Chapitre IV : Critères de jugement
47. Connaissance
La doctrine sociale de l'Eglise a pour but de communiquer un savoir non seulement théorique, mais aussi pratique et capable d'orienter l'action pastorale. Voilà pourquoi elle offre aussi, outre les principes permanents de réflexion, des critères de jugement sur les situations, les structures, les institutions qui organisent la vie économique, sociale, politique, culturelle, technologique et sur les systèmes sociaux eux-mêmes.103 A ce propos, il ne fait aucun doute que l'estimation des conditions de vie plus ou moins humaines des personnes, l'appréciation de la valeur éthique des structures et des systèmes sociaux, économiques, politiques et culturels, en fonction des exigences de la justice sociale, fait partie de la mission évangélisatrice de l'Eglise.

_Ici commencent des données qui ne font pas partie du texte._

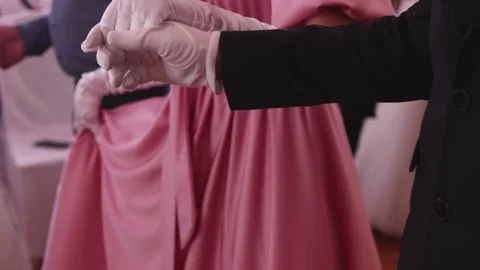 Couples dance waltz quadrille on historical costumed ball in historical dresses Vídeos de archivo 244079404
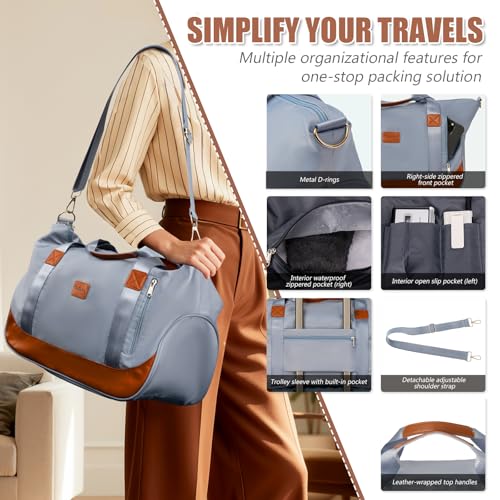 Image of Cosbarn Luggage Sets 5 Piece with TSA Lock Spinner Wheels, Unisex Hard Case ABS Suitcase Set, Hardshell Lightweight Waterproof Travel Hardside Suitcases with Wheels for Women Men, Sky Blue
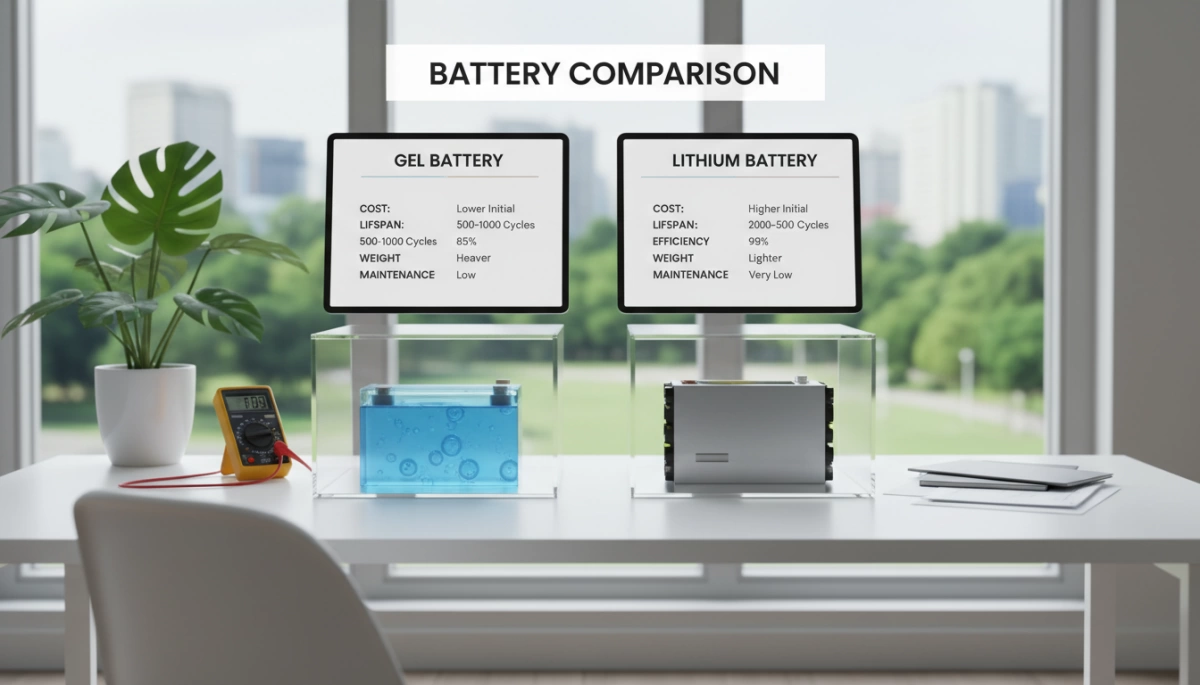 Comparaison des métriques entre batteries Gel et Lithium
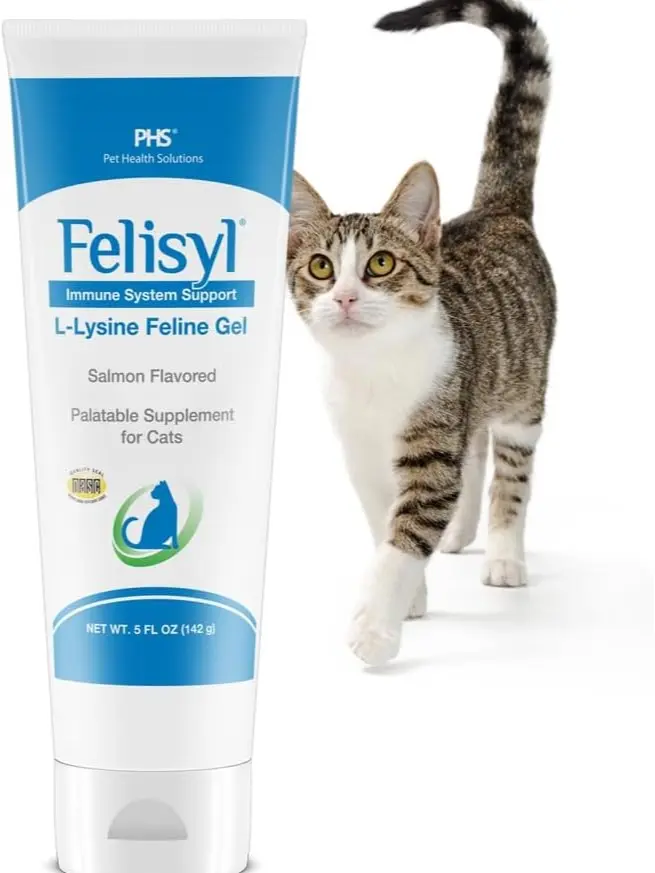 Felisyl L-Lysine Gel for Cats (5oz) – Supports Immune, Respiratory, and Eye Health. Eases Sneezing, Runny Nose, and Watery Eyes. Tasty Salmon Flavor - Made in The USA
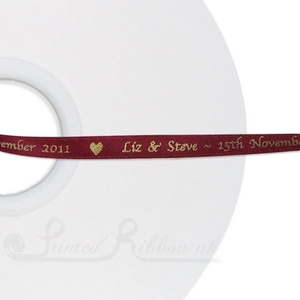 PW7BURG50M BURGUNDY 7mm Personalised Printed wedding ribbon - 50m roll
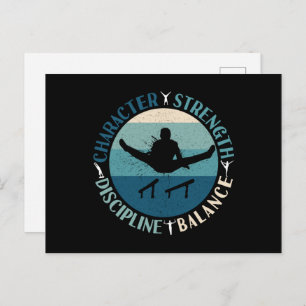 Postal Gimnasia masculina Carácter Fuerza Disciplina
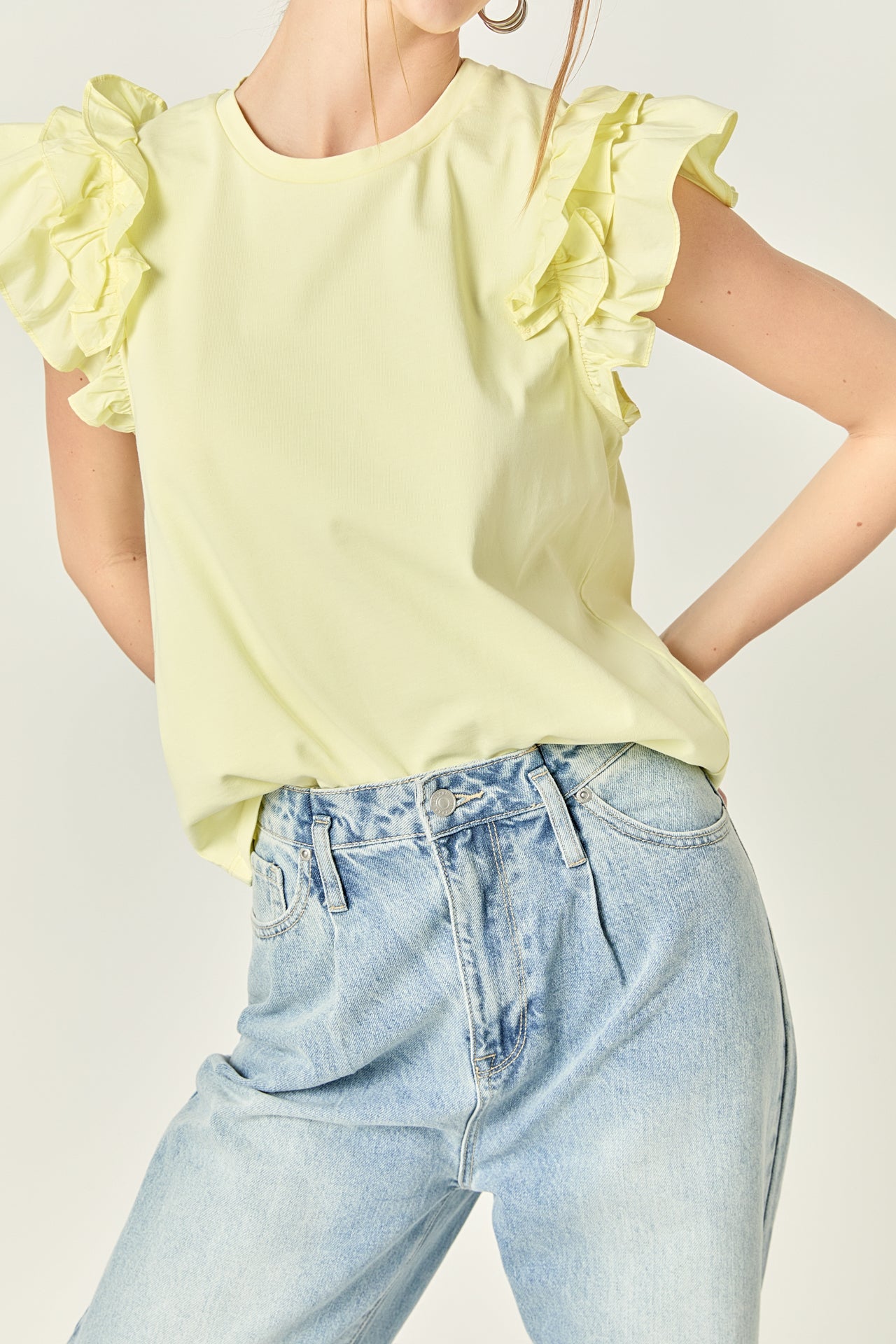 Mixed Media Ruffle Detail T-shirt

Pour être en mesure de donner de façon correcte un jugement à cet égard, l'Eglise a besoin de connaître les situations historiques locales, nationales et internationales, et l'identité culturelle de chaque communauté et de chaque peuple. Même si elle se sert ici de tous les moyens fournis par les sciences, il est certain que sa référence principale pour l'approche de la réalité sociale se trouve dans les valeurs fondamentales qui fournissent des " normes de jugement " bien précises pour le discernement chrétien. On ne peut renoncer à ces normes, incluses, selon les déclarations officielles, dans la doctrine sociale et on doit donc les faire connaître et apprécier dans l'enseignement donné dans les Séminaires et dans les Facultés théologiques.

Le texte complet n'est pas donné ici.